▶ Task statement
Beginning at the line that mentions "239 Highwood Drive, Chaska, MN 55318", retype the rest of the records below exactly. Pictures are not part of the copy.

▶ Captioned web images
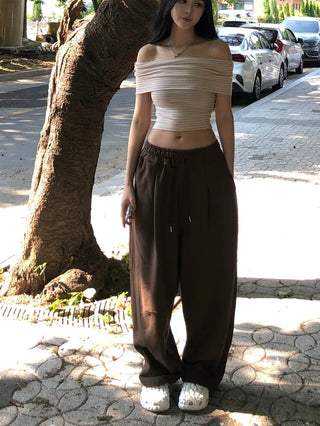 Pin-tuck cut training pants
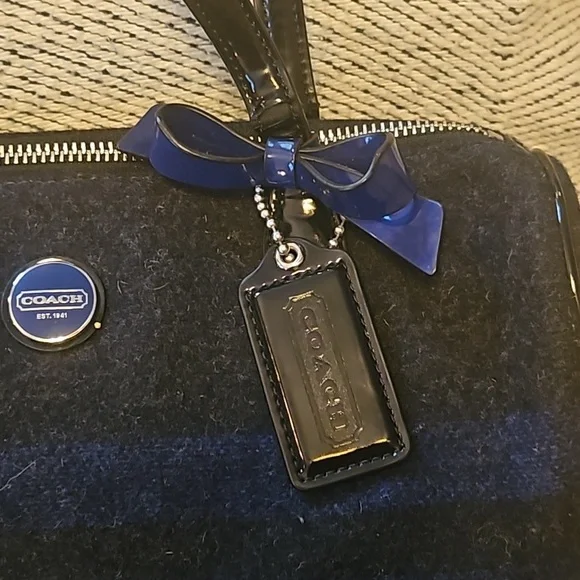 AUTHENTIC VINTAGE COACH WOOL HANDBAG WITH PATENT LEATHER HANDLE AND BOW - Picture 4 of 9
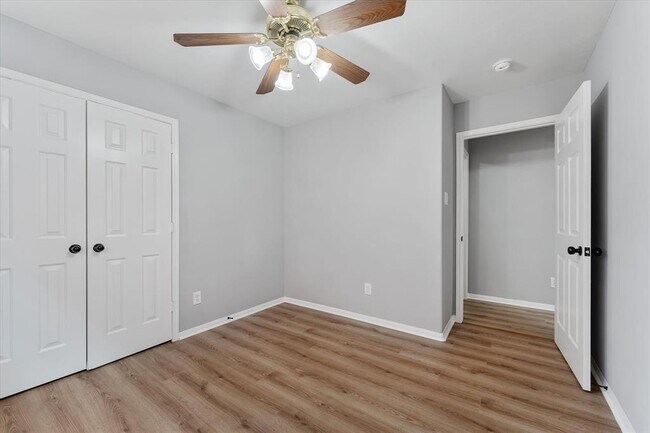 Building Photo - 10051 Williams Field Dr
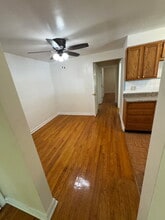2929 Cavanaugh Ave, Unit Senior 2929 Cavanaugh in Cincinnati, OH - Foto de edificio - Building Photo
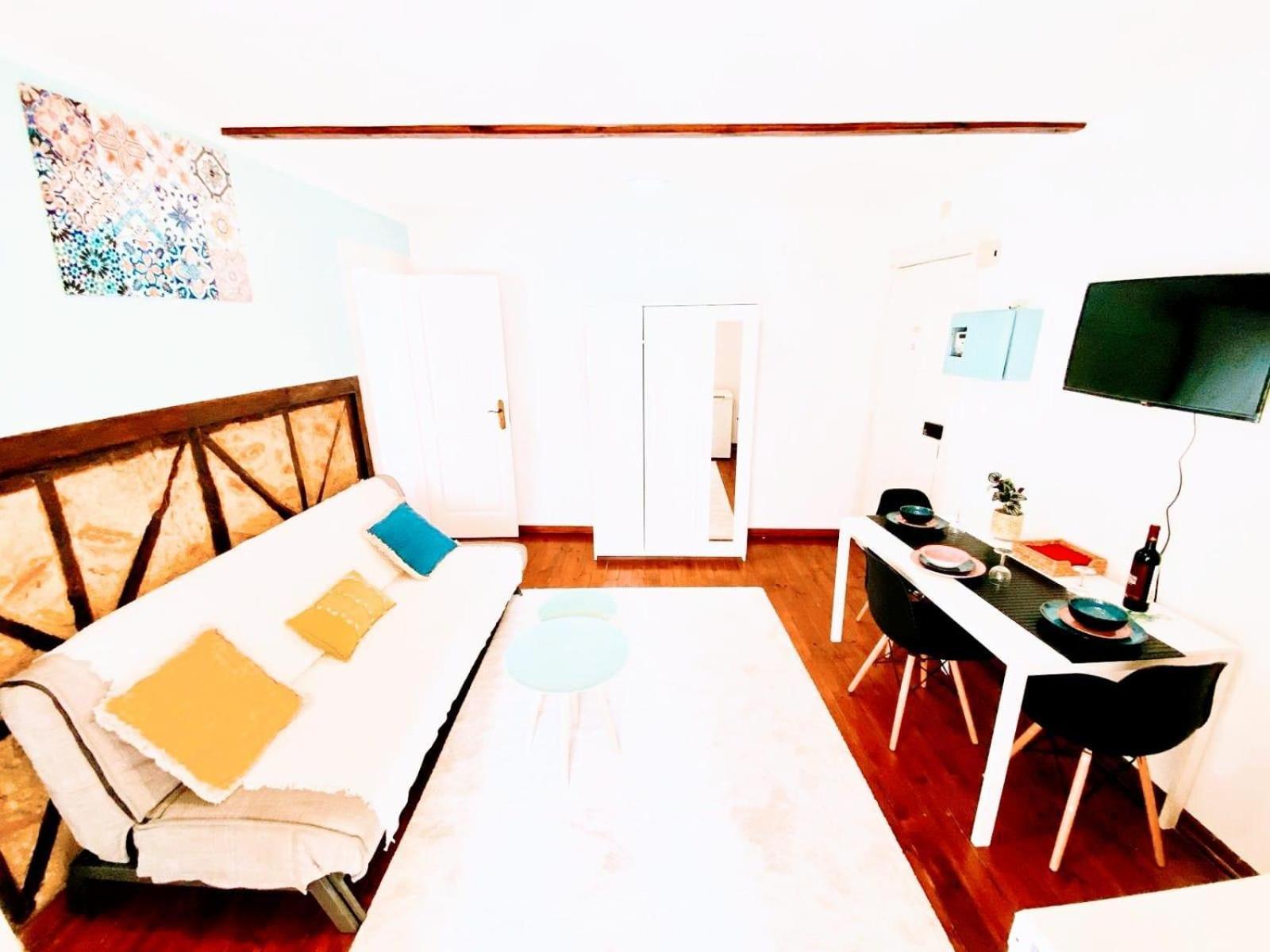 Amazing Flat In The Center *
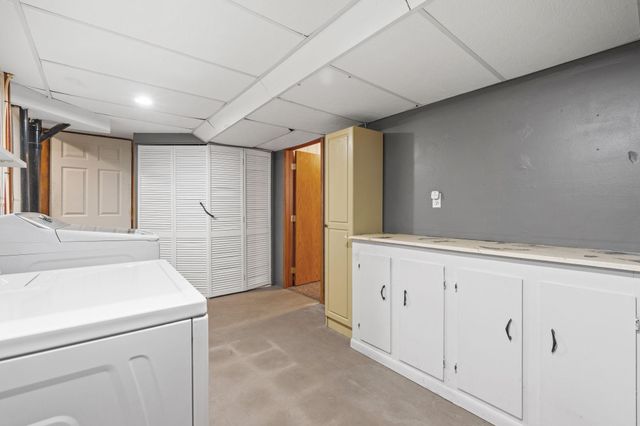 239 Highwood Drive, Chaska, MN 55318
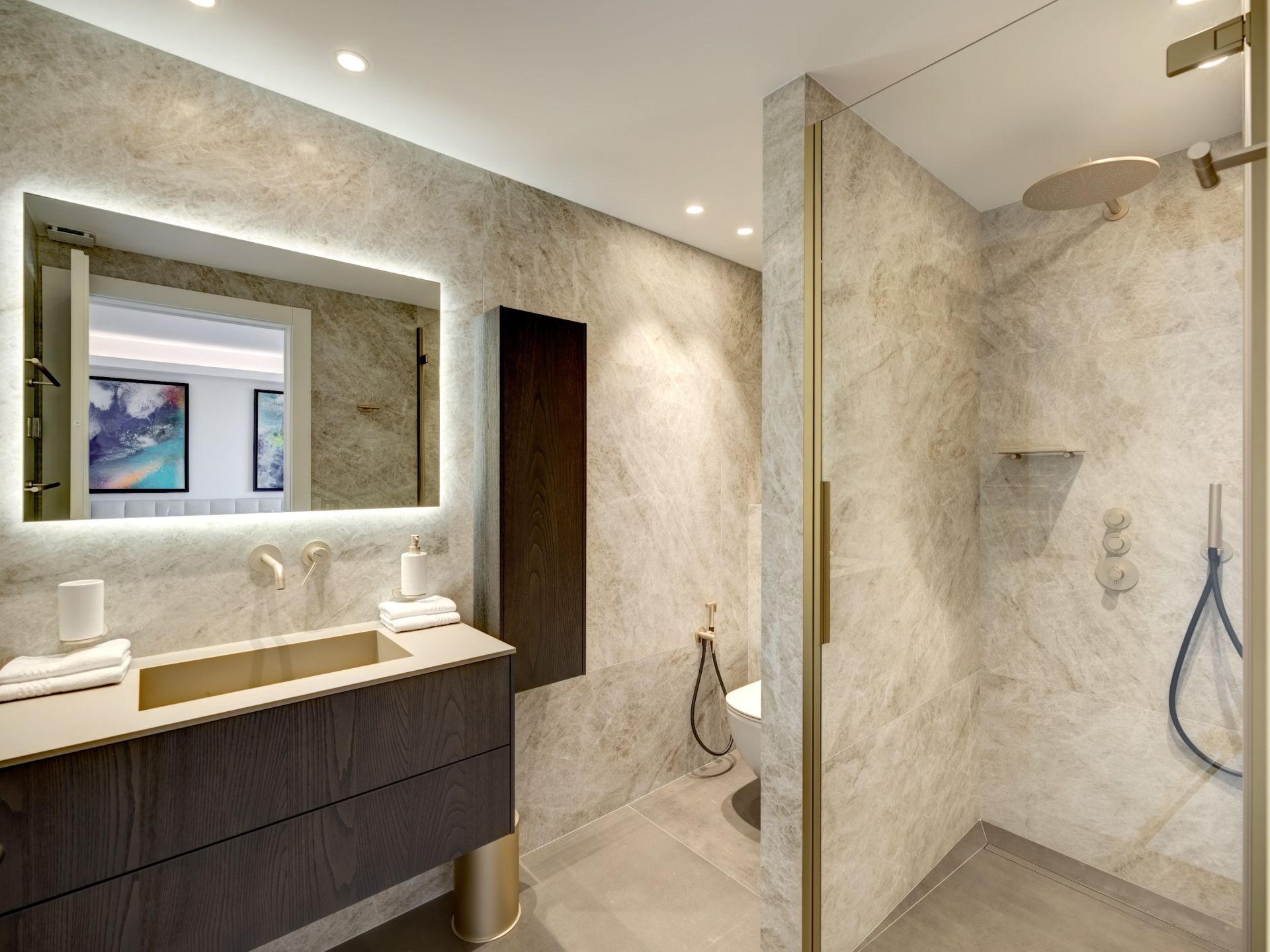 luxury apartment 6 Rooms for sale on CANNES (06400)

▶ Answer space
 239 Highwood Drive, Chaska, MN 55318
 luxury apartment 6 Rooms for sale on CANNES (06400)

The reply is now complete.